Mar. 20th, 2011

No photos yet because I'm lazy.

Yesterday Shinsuke and I had originally, before the earthquake, hoped to go on a train trip somewhere. That clearly wasn't happening, so instead we went to the Yakyu Inari shrine, which is in Higashi Matsuyama, out in Saitama. Only thing is, we weren't sure the Tobu line would run out there, so Shin planned us to train to Konosu and take a bus from there. Which we did.

Except that thanks to a huge ton of suburban idiots all lining up to get gas that morning, and several stations being out of gas, there was a 2-mile-long traffic jam along the route we wanted to go on. I can't imagine how much gas was WASTED in that lineup, seriously. So we took the bus as far as Kamenokou (aka Turtle Shell) and then walked the remaining 5 kilometers or so. Along the way we walked through big wide-open suburban farmland, past houses, past some bus stops where we found one woman waiting for the bus and we told her it wasn't going to come, and we walked past a castle ruins neither of us had ever heard of, and then we also walked past 2 miles of cars waiting for gas. The funniest part is, at Konosu the driver had told us "The bus that left an hour ago still hasn't gotten to the other end..." and sure enough, we saw a LOT of buses in that traffic line as well. Truly ridiculous in some ways.

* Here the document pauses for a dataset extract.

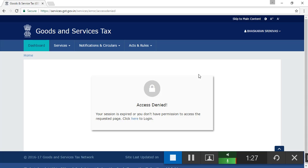See, when I contact the customer care, no one is answering. When I send a mail to GST customer care, no one is replying. Please.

The shrine itself was not huge and exciting or anything, certainly not your usual tourist site kind of shrine, BUT it did live up to the double play on the name, 箭弓 being "yakyu" and that also being the word for baseball, 野球. So there were some normal "ema", wooden prayer boards that people write wishes on, but there were also ema shaped like home plates, with various logos on the back like baseballs or players or whatever, with lots of people's wishes being "I want to play at Koshien" or "I want to be a regular on the team this year" or "I hope the Tigers win the Japan Series" or "I hope so-and-so player has a good year this year" and such. There were also ema shaped like baseball bats that people wrote wishes on as well. It was kinda neat.

I ended up buying a few baseball bat omamori charms and one normal one for Carl, and then we left.

Shin had looked up a weird kind of udon in Konosu that he wanted to try, so we went back there. No problems with the bus on the way back, I guess due to the roads the lineup only went one way.

This udon was some kind of "kawahaba" udon, a very, VERY wide flat noodle. Like, 4-5 inches wide, and like 2 feet long, per noodle. It was pretty difficult to eat but interesting nonetheless; we both got beef udon although he got a special kind, so my noodles came in the soup already and his came outside the soup as a dip. The little restaurant we were in was really very small, and so the lady running it asked Shin at some point, "what country is your wife from?" and he's like "no, we're just friends. She's American." The thing is, a minute or two later Shin said to me, "I just realized, you're not blushing, you're SUNBURNT."

Sure enough I went into the bathroom and checked and my face was rather pink. Whoops. I guess it was pretty sunny and warm out when we were walking through those several miles to get there, so I picked up a nice burn, whoops.

Anyway, after that, we ended up heading home, because Shin had screwed up his SD card on his camera and was really freaked out about it and wanted to figure out how to fix it and get the data off of it. So I went home for a few hours and did laundry and kinda just zoned out because I was really tired (the sunburn probly didn't help).

In the evening, I started getting ready to go out for dinner, and an earthquake shook the house when I was in the bathroom. That was kinda scary, but funny. So rather than leaving the house immediately after, I came back upstairs to check the earthquake -- Shindo 5+ in Ibaraki apparently. Like, it hit Hitachi, essentially.

But I went to Ikebukuro anyway. I went to Tenkazushi because I hadn't had sushi yet here, and IT WAS SO HAPPY AND GOOD! God I missed that place. So damn good and like, 960 yen for stuffing my face. Sigh. Then I walked around East Ikebukuro for a while, the Sunshine area... went and played a game of Pop'n, looked around Book-Off some and found a super-cheap copy of Osu Tatakae Ouendan so I bought that, and I walked around some more. Apparently there were no blackouts for the weekend, so the arcades were working, though a lot of shops still had lights off and whatever, which is good. Eventually I just headed home, and crashed when I got home, pretty much.

Tokyo still feels very alive even if a little darker and slightly less crowded than before. Although the train coming back to the city after going to Konosu was REALLY crowded, so eh.